Due to the very heavy use of the Internet and social media, a huge amount of data is being generated every instance, all over the world. This data is useless unless it is collected, stored and analysed to derive useful conclusions that drive business and commerce. Tabula is a tool that extracts tabular data from PDF documents.
The Portable Document Format or PDF is used by most organisations today to create and disseminate information from online portals. Public information, notices, reports, etc, are released on online channels as PDF files so that the original formatting is retained.
Popular tools for the extraction of data from multiple sources
In data analytics, extraction, loading and transformation (ETL) are very important for the data set to be analysed effectively. Table 1 features the tools (and the related URLs) used by data scientists to fetch real-time data from Web portals and multiple sources.

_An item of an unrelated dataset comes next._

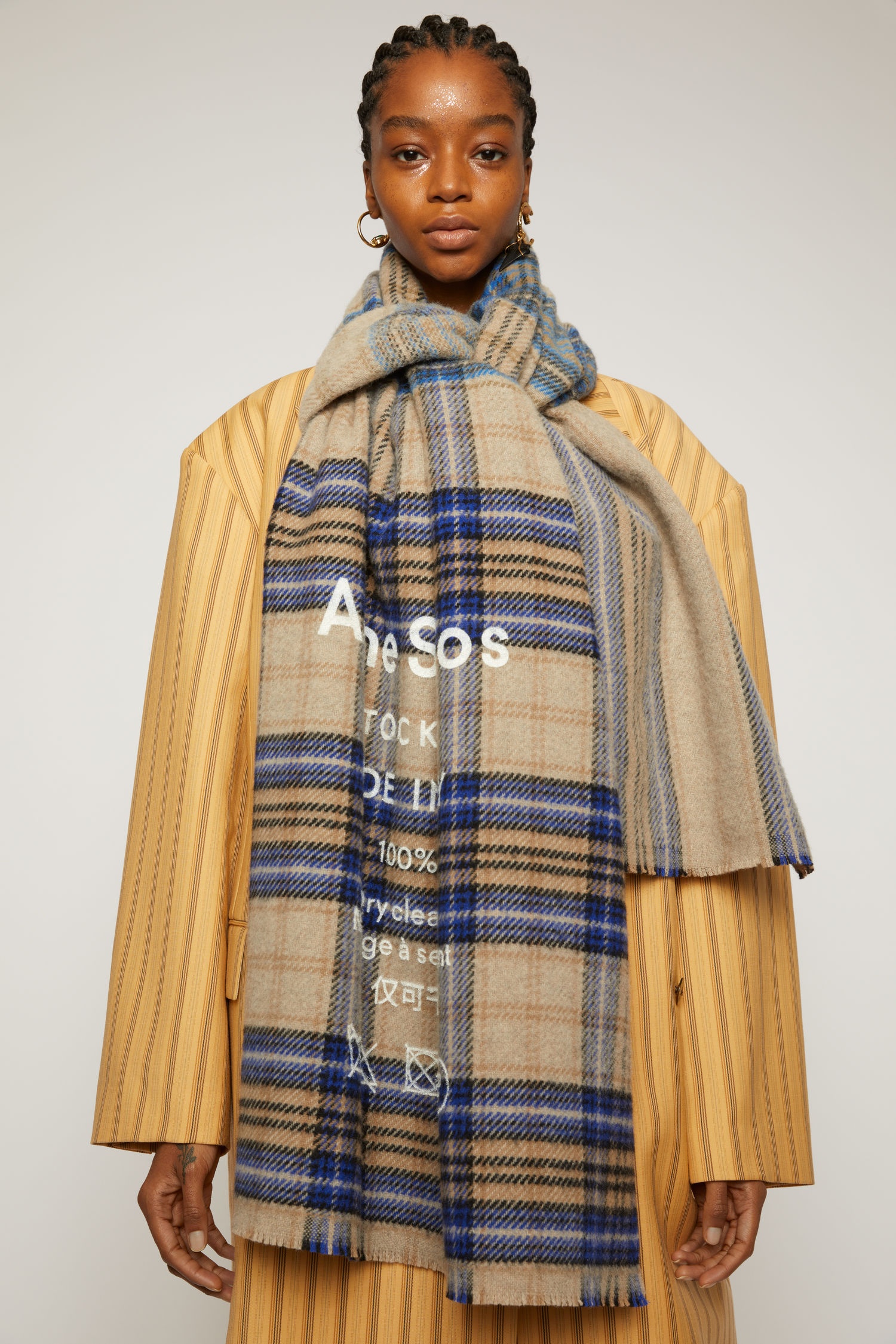 Checked logo scarf - Oatmeal Beige / Blue Check - 3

Using Tabula to extract data from PDF files and reports
Tabula is a powerful tool used by data scientists and researchers to extract data from PDF files. Government reports, research papers and corporate documents are generally released and uploaded as PDF files. These may have the data in the form of tables. If these tables are directly copied and pasted to word processing applications like MS Word, the formatting gets changed and a lot of time is wasted in reformatting this data. But with Tabula, the tables in PDF files can be extracted easily without the formatting being tampered with.
Tabula can be downloaded from https://github.com/tabulapdf/tabula/releases/download/v1.2.1/tabula-win-1.2.1.zip. It can be downloaded in the form of a compressed Zip folder, which is extracted. The directory structure and the files that are available in Tabula after extraction are shown in Figure 2.
After opening the Tabula directory, an .exe file is executed. On execution of tabula.exe, the Web based engine gets initiated. Once the Tabula engine is started, the Tabula application is opened on the Web browser with the URL http://127.0.0.1:8080.
On opening this URL on the Web browser, the Tabula application is loaded to extract the tabular data from the PDF files. The URL http://127.0.0.1:8080 can also be opened as URL http://localhost:8080 on the Web browser to extract, load and transform (ETL) the data from PDF files.
The PDF files from which the tabular data is to be extracted get imported in the Tabula dashboard on the Web browser (Figure 4).
After importing the PDF files to the Tabula application, the tabular data is automatically detected. On clicking ‘Preview & Export Extracted Data’, the tables are fetched from the PDF documents without any specific settings.
These tables can be transformed to CSV, TSV or JSON file formats so that the extracted data can be used for data analytics or plotting.
Tabula can be used by research scholars and data scientists to fetch selected tables from research papers and government reports for use in multiple applications. Research papers and analytics reports are generally prepared as PDF files and are available on various portals for users. With the help of
Tabula, data sets from the PDF files can be extracted and converted to the CSV or Excel formats so that the data mining or machine learning algorithms can be directly implemented. Also, once the data is extracted to the CSV format, it can be plotted for multiple applications.